:: TASK PROMPT ::
Given the entries below, would you transcribe exactly the lines starting at the one with "105cm LED 3-Light" and ending at the one with "Vintage Handcrafted Green", both kept, pictures omitted, nothing extra?

:: DATASET CONTENT ::
══════════

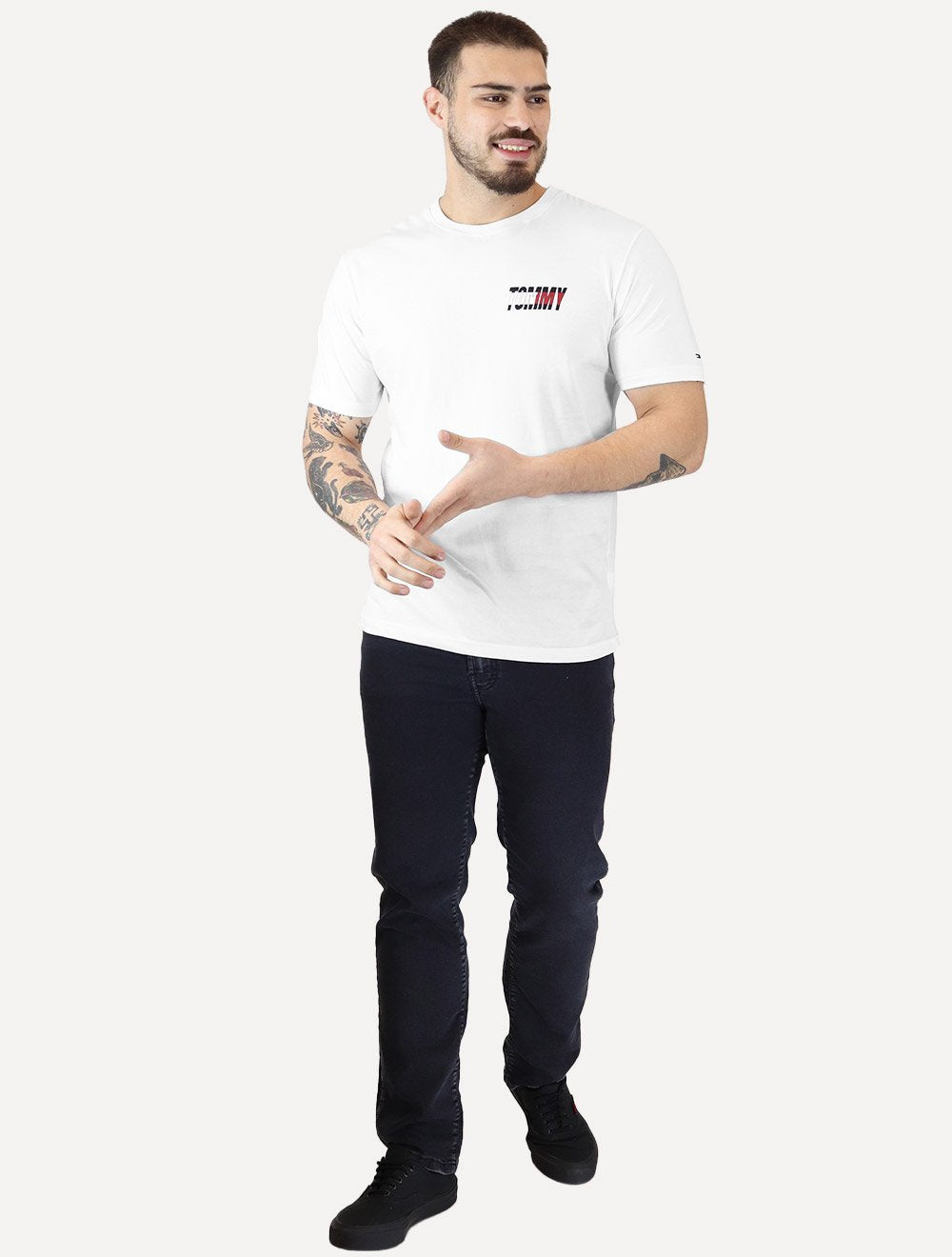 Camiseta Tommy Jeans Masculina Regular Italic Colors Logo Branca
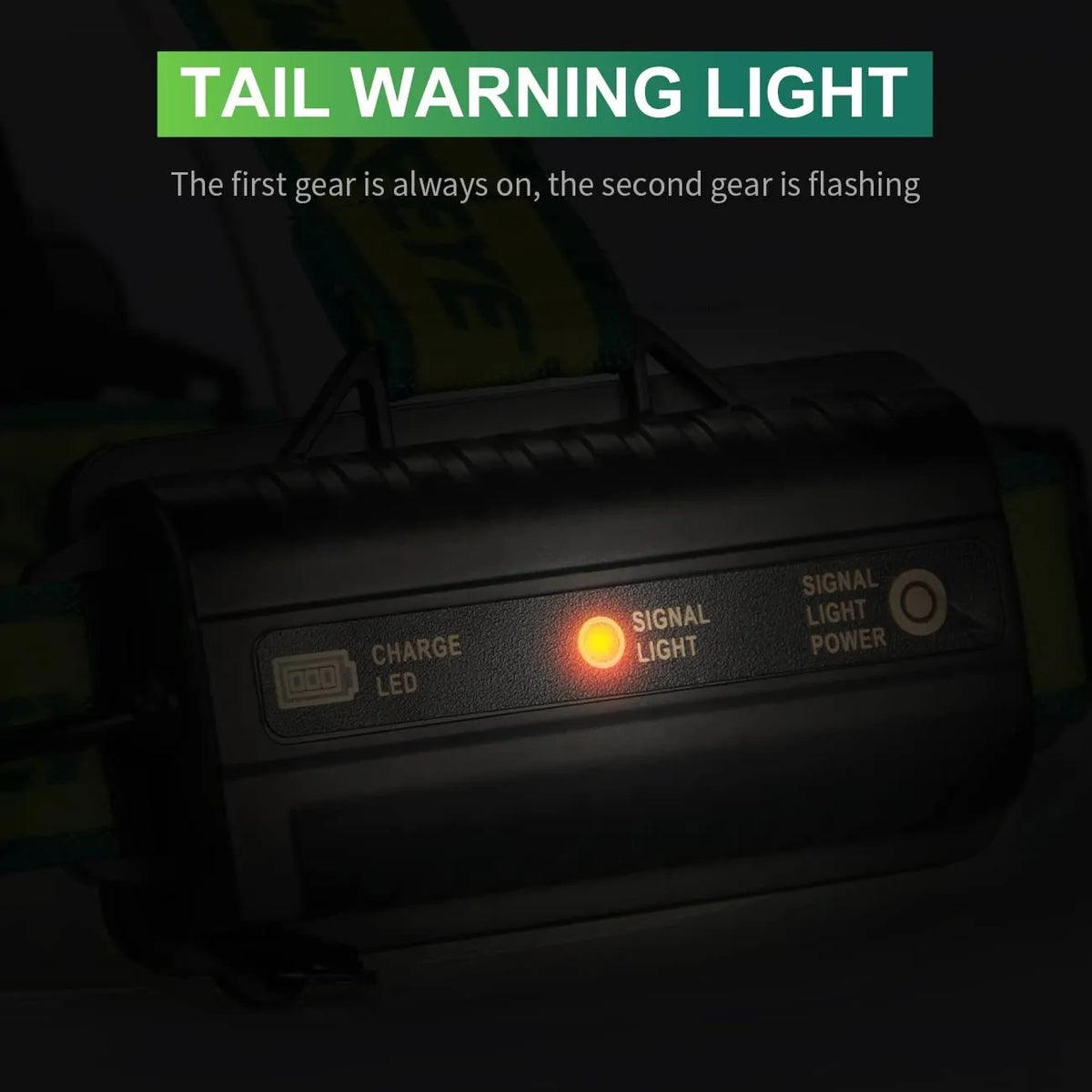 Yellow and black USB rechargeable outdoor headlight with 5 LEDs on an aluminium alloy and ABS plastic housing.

══════════

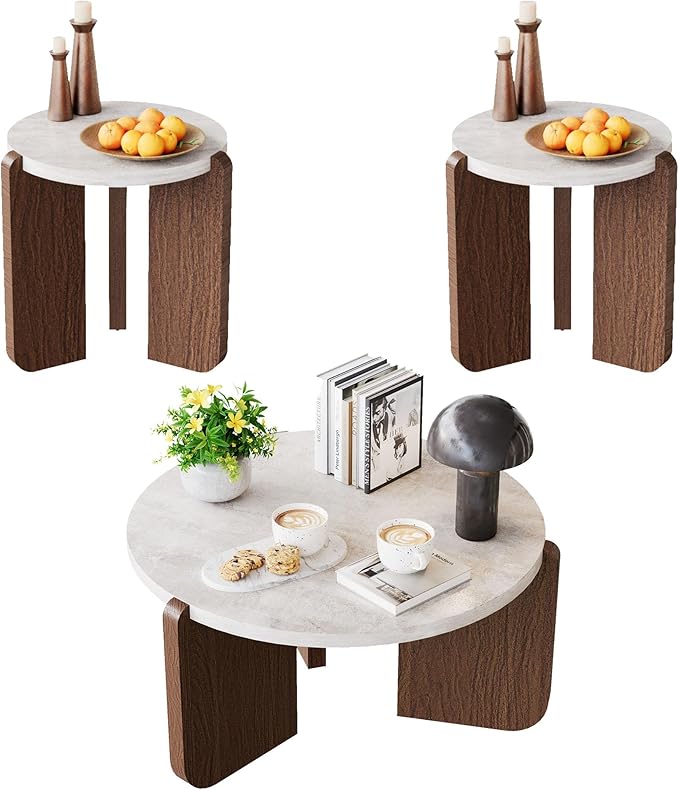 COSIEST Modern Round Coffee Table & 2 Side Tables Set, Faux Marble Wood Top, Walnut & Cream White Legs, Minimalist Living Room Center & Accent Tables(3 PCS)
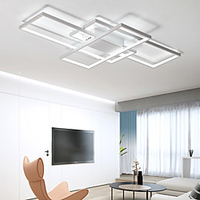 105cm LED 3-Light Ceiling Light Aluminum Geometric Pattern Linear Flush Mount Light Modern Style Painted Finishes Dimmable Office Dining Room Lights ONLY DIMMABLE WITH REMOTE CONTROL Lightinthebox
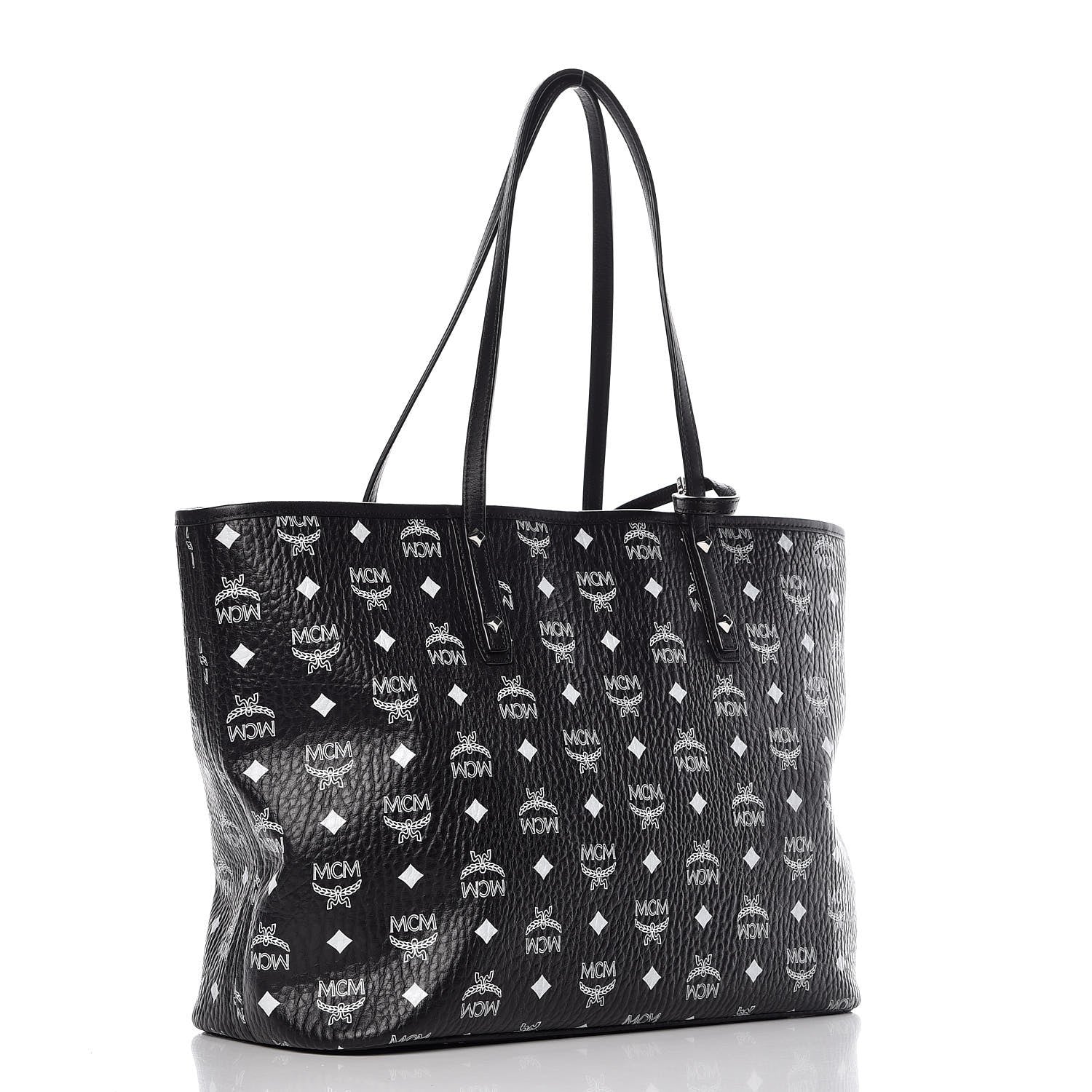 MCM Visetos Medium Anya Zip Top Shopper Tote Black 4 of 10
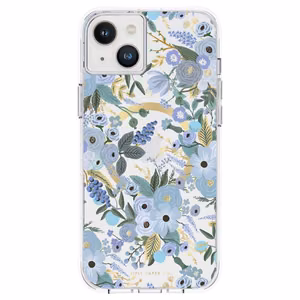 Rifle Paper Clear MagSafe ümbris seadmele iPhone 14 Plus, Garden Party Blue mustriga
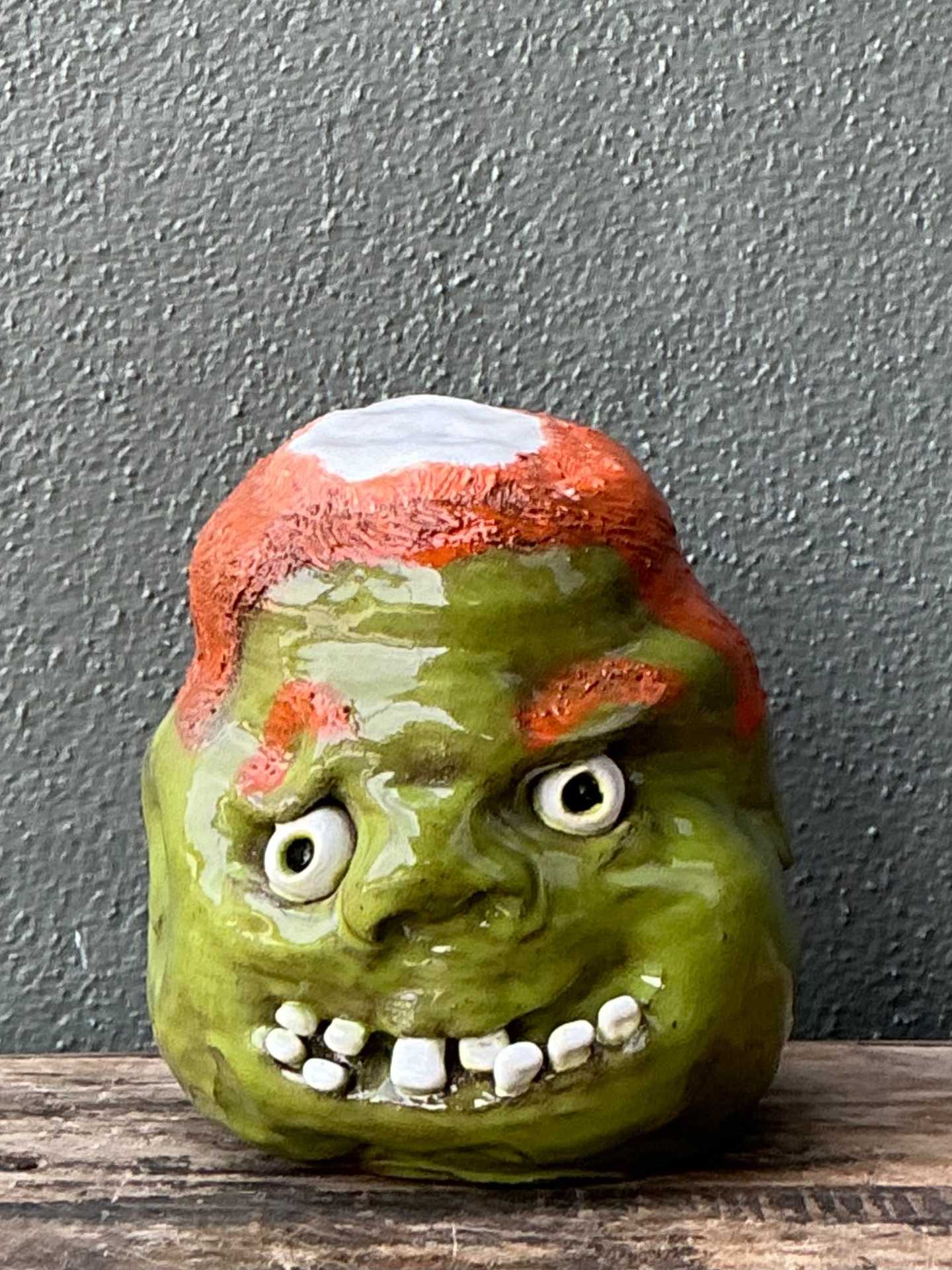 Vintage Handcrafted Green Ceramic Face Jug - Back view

══════════

:: WRITTEN SOLUTION ::
 105cm LED 3-Light Ceiling Light Aluminum Geometric Pattern Linear Flush Mount Light Modern Style Painted Finishes Dimmable Office Dining Room Lights ONLY DIMMABLE WITH REMOTE CONTROL Lightinthebox
 MCM Visetos Medium Anya Zip Top Shopper Tote Black 4 of 10
 Rifle Paper Clear MagSafe ümbris seadmele iPhone 14 Plus, Garden Party Blue mustriga
 Vintage Handcrafted Green Ceramic Face Jug - Back view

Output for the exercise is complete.